[WHAT NEEDS TO BE DONE] Could you repeat the listing exactly, leaving out the pictures?

[SUPPLIED MATERIAL]
----------
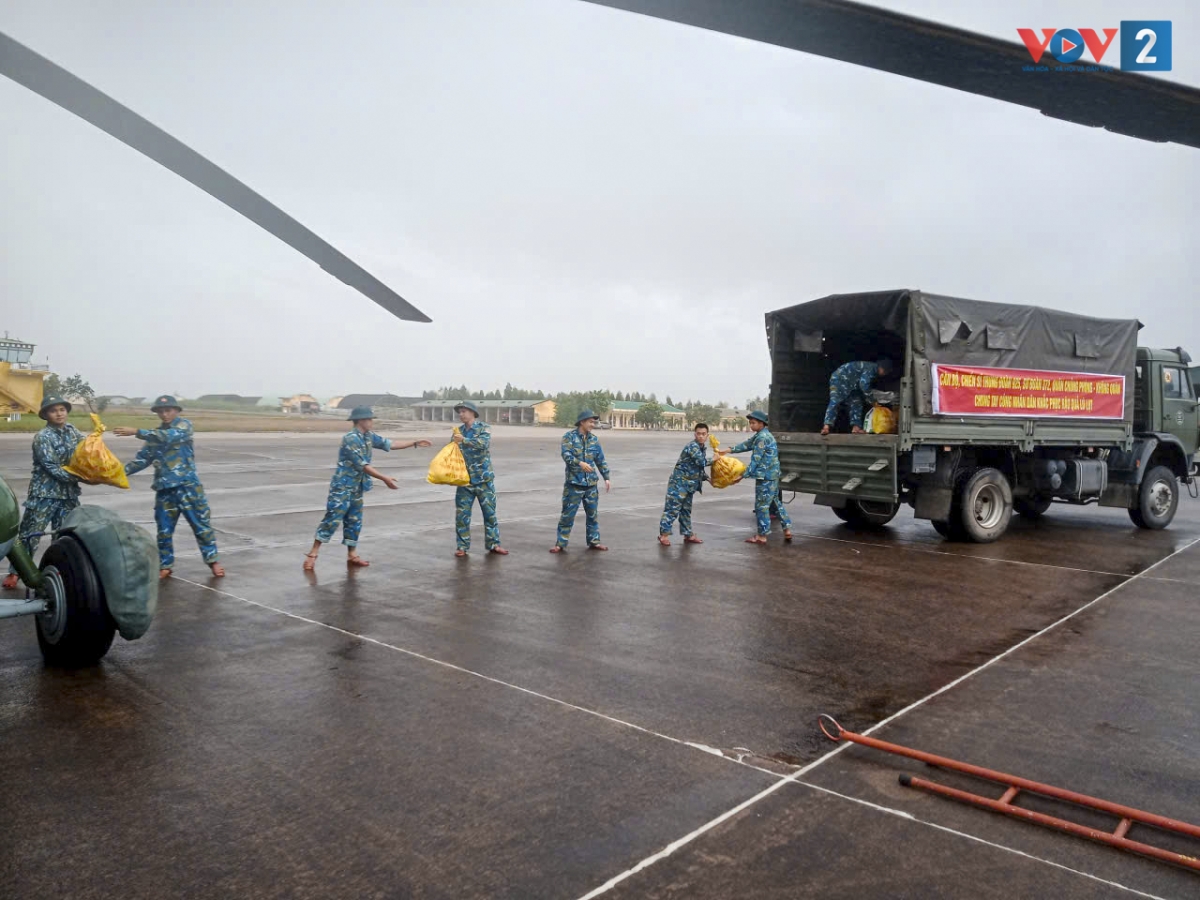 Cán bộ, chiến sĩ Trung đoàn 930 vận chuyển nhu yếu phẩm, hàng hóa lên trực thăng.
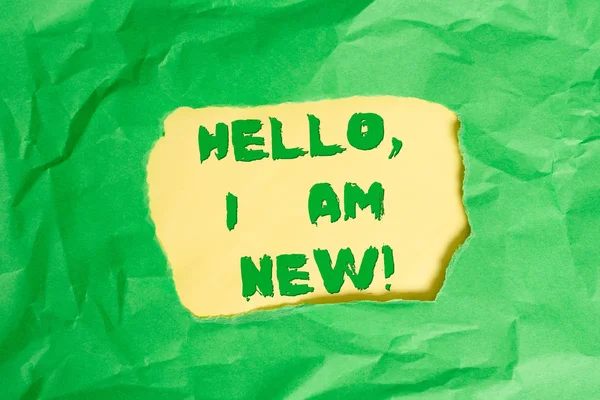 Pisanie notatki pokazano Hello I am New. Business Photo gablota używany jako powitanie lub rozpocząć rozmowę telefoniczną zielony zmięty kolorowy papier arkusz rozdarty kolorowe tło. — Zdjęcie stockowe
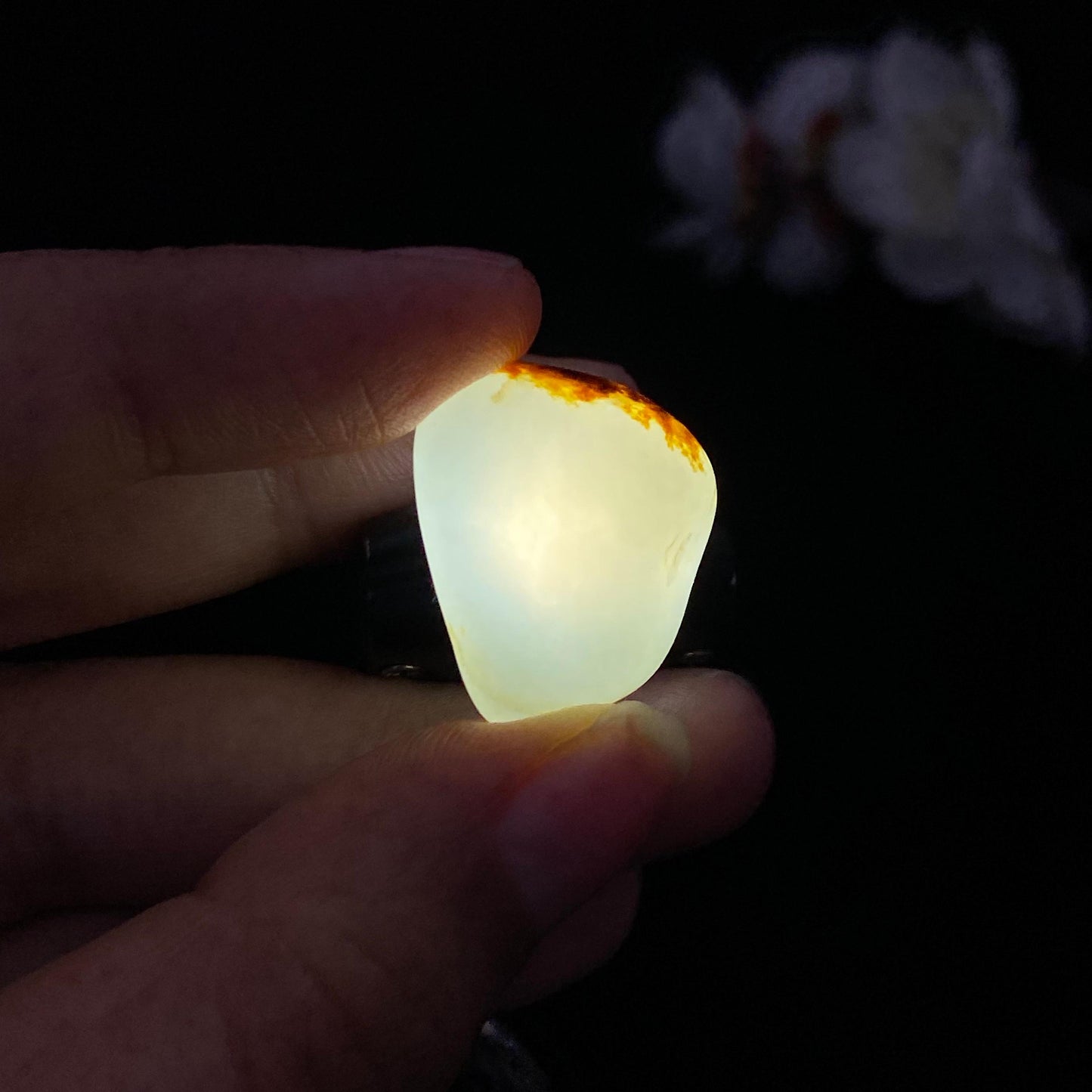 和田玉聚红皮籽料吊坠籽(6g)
----------
[COMPLETED EXERCISE]
 Cán bộ, chiến sĩ Trung đoàn 930 vận chuyển nhu yếu phẩm, hàng hóa lên trực thăng.
 Pisanie notatki pokazano Hello I am New. Business Photo gablota używany jako powitanie lub rozpocząć rozmowę telefoniczną zielony zmięty kolorowy papier arkusz rozdarty kolorowe tło. — Zdjęcie stockowe
 和田玉聚红皮籽料吊坠籽(6g)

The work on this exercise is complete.